Careless in Red (Inspector Lynley, #15)(140)



“Did you think he was telling you the truth?”

“Isn’t that the question? Who bloody knows?”

“This person?the grass?never spoke to you?”

“Just to Parsons. So he claimed. Which as you and I know is damn meaningless since what he wants more’n anything is an arrest of someone. He needs someone to blame. So does the wife. They need anyone to blame because they think that accusing, arresting, putting on trial, and imprisoning is going to make them feel better, which of course it isn’t. But Dad doesn’t want to hear that. What dad would? Running his own investigation is the only thing keeping him from sliding over the edge. So I’m willing to cooperate with him, help him out, help him through the bloody mess his life’s become. And I ask him to tell me who the grass is. I can’t ecksackly make an arrest on some tittle-tattle I didn’t even hear firsthand.”

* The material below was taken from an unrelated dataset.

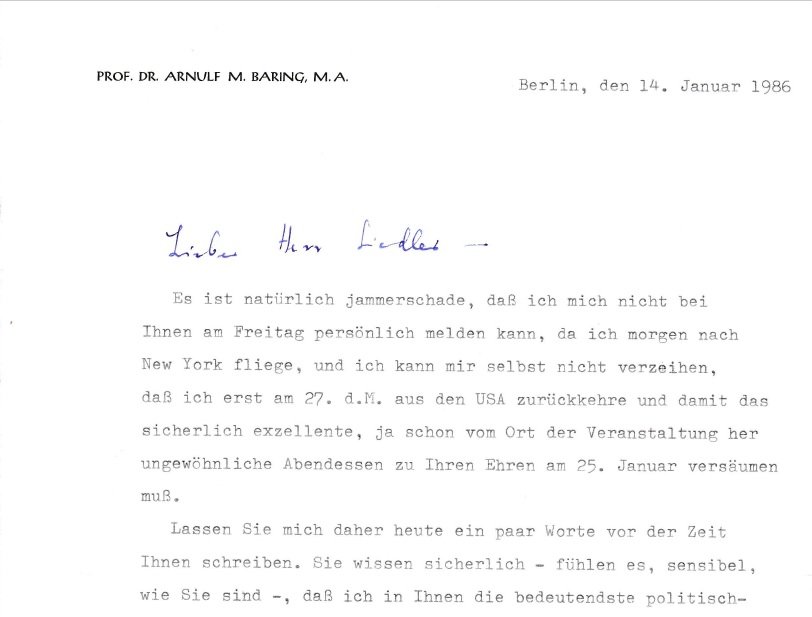Brief des Zeithistorikers und Publizisten Arnulf Baring an den Verleger …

“Of course,” Lynley noted.

“But he won’t tell me, so what can I do that I hadn’t already done, eh? We’d investigated the death of that lad left, right, and centre, and believe me, there was sod all to go on. The Kerne boy didn’t have an alibi, aside from ‘walking the long way home to clear my head,’ but you don’t hang a man for that, do you? Still, I wanted to help. So we had the Kerne boy into the station one more time, four more times, eighteen more times…Who the bloody hell remembers. We nosed round every aspect of his life and all of his friends’ lives as well. Benesek didn’t like the Parsons boy?we uncovered that much straightaway?but as things turned out, no one else liked the blighter neither.”

“Did they have alibis? His friends?”

“All told the same story. Home and to bed. Those stories stayed the same and no one broke ranks. Couldn’t get a drop of blood out of them even by using a leech. They were either sworn to each other or they were telling the truth. Now, in my experience, when a group of lads gets up to no good, one of them breaks eventually if you keep pressing. But no one ever did.”

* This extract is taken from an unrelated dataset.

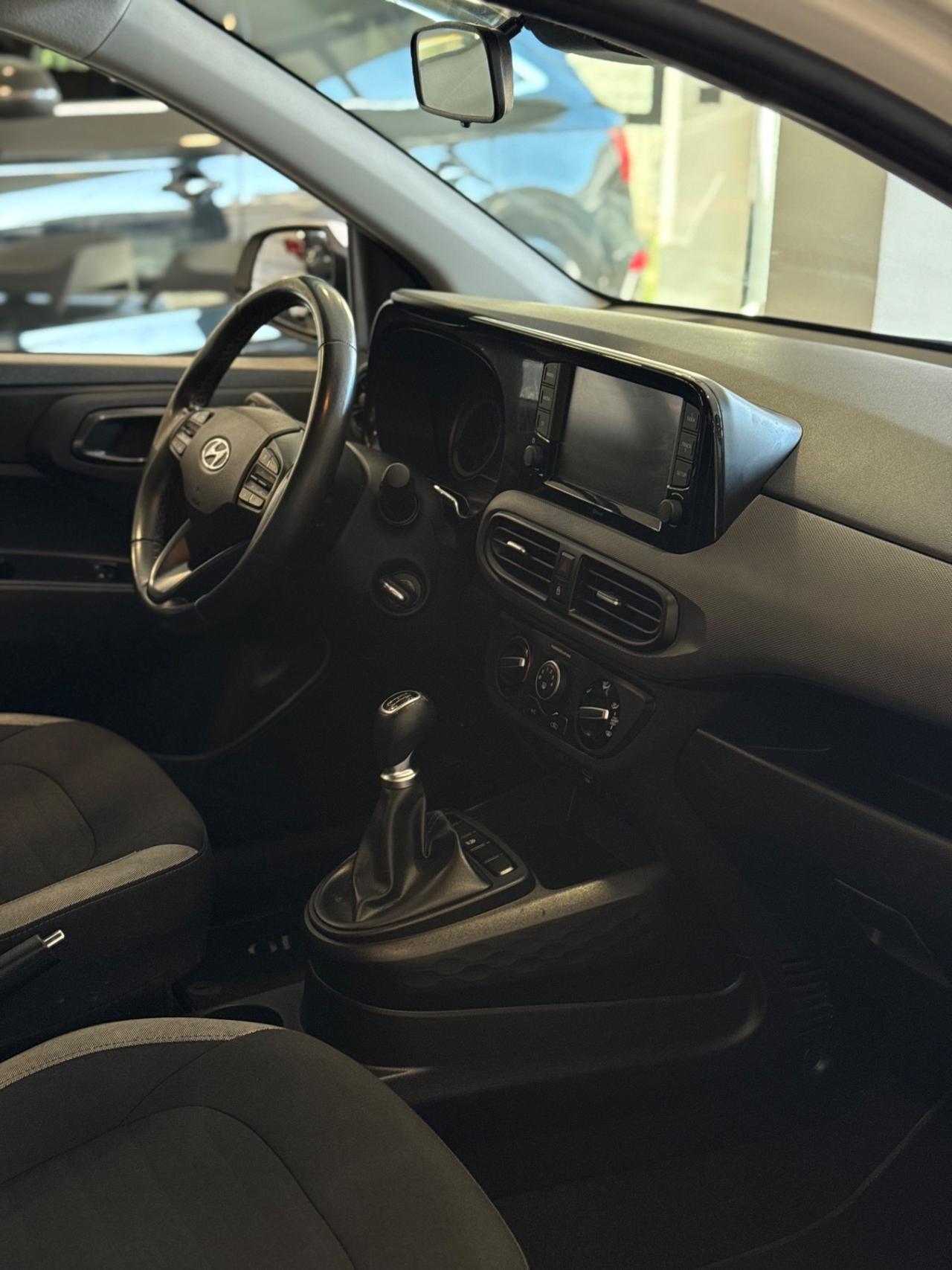 Hyundai i10 1.0 MPI AT Tech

“Which led you to conclude they were telling the truth?”

“Nothing else to conclude.”

“What did they tell you about their relationship with the dead boy? What was their story?”

“Simple one. Kerne boy and Parsons had words that night, a bit of a dustup about something during a party at the Parsons home. Kerne left the scene and his mates did the same. And, ’cording to them all, no one went back later to coax the Parsons boy to his end. He must’ve gone to the beach on his own, they said. End of story.”

“I’ve learned he died in a sea cave.”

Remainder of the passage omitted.